This is the first time since 2023 that the FBI has confirmed it was buying access to people's data collected from data brokers, and the admission exposes a legal tension that sits at the heart of modern surveillance governance. When asked by Senator Ron Wyden whether the FBI would commit to stopping the practice, Director Kash Patel said the agency purchases commercially available information consistent with the Constitution and the Electronic Communications Privacy Act, noting that it has led to valuable intelligence.
The issue cuts to a fundamental question about how constitutional protections adapt to technology. In Carpenter v. United States, the Supreme Court held that police must have a warrant to obtain seven days' worth of historical cell-site location records, finding that individuals have a reasonable expectation of privacy in their cell phone location data because that data reflects the whole of their physical movements. Yet federal agencies have argued the decision applies only to data obtained from phone carriers through legal process, not to information purchased on the commercial market.
Data brokers source much of their information including location data from ordinary consumer phone apps and games. This creates what privacy advocates call a workaround. Multiple government agencies including state and local law enforcement, the FBI, the IRS, the Drug Enforcement Administration, the Department of Defense, and the Department of Homeland Security have been paying data brokers to access vast databases of personal information, including geolocation data, without any warrant, court order, or even subpoena.
There is a legitimate institutional argument in favour of the government's position.

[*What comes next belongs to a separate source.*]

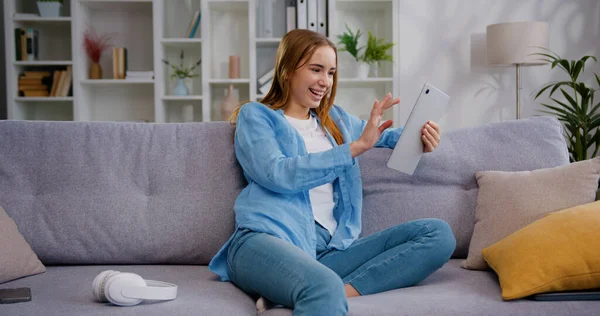 Oldukça mutlu gülümseyen Kafkasyalı genç bir kadın rahat bir koltukta oturuyor, dijital tablet internet çalışması yapıyor sosyal medya uygulamaları kullanarak online alışveriş yapıyor ya da evde oyun oynuyor..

Supporters of the practice contend that information lawfully sold by private companies on the open market sits outside the Fourth Amendment's protections because no "search" has occurred. The government is simply making a purchase, not compelling disclosure or invading privacy itself. Senate Intelligence Committee Chairman Tom Cotton echoed this reasoning, emphasising that "the key words are commercially available."
But the counterargument carries equal weight. Commercially available information can reveal persistent location data that reveals political, religious, travel, and associational activity, and such data could be used to identify every person who attended a protest or rally based on smartphone location or ad-tracking records. Last week, Wyden and several other lawmakers introduced a bipartisan, bicameral bill called the Government Surveillance Reform Act, which among other things would require a court-authorised warrant before federal agencies can buy Americans' information from data brokers.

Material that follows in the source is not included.